Your objective:
Write out exactly, excluding pictures, the lines from the one containing "972 Logan Road, Holland Park West" through the end of the data, both included.

Dataset excerpt:
- Opening Delimiter -
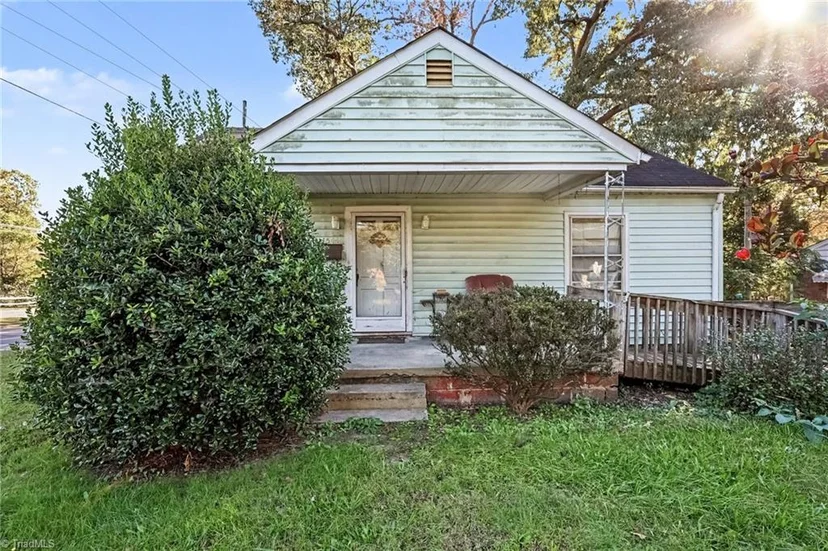 1544 Beaucrest Avenue, photo 1 of 29
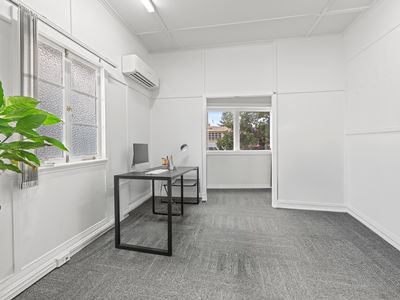 972 Logan Road, Holland Park West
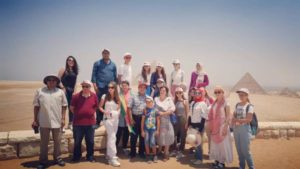 الطلاب الفائزون يستمتعون بجولة سياحية في منطقة الأهرامات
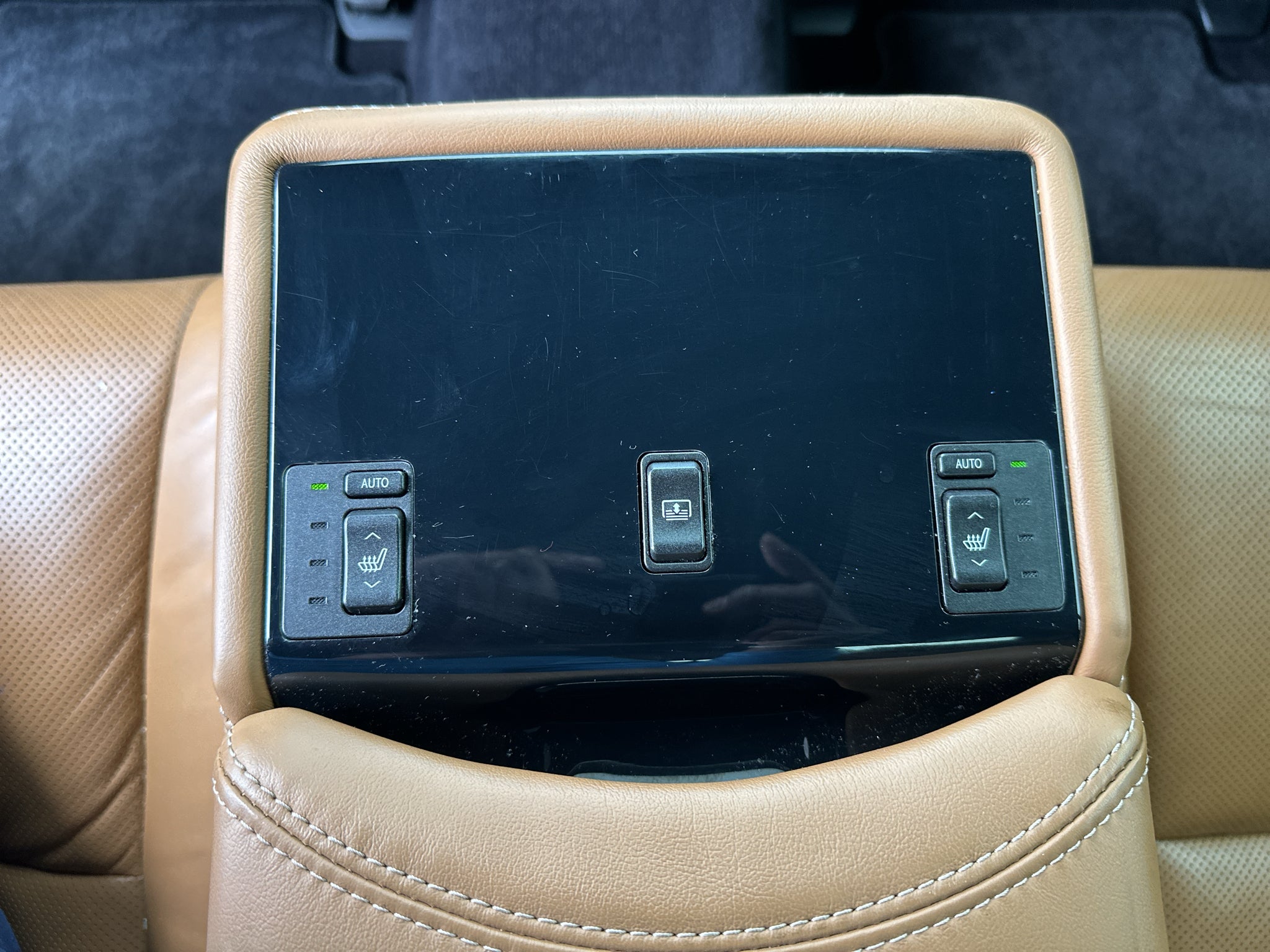 2015 Lexus LS 460 Crafted Line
- Closing Delimiter -
Response box:
 972 Logan Road, Holland Park West
 الطلاب الفائزون يستمتعون بجولة سياحية في منطقة الأهرامات
 2015 Lexus LS 460 Crafted Line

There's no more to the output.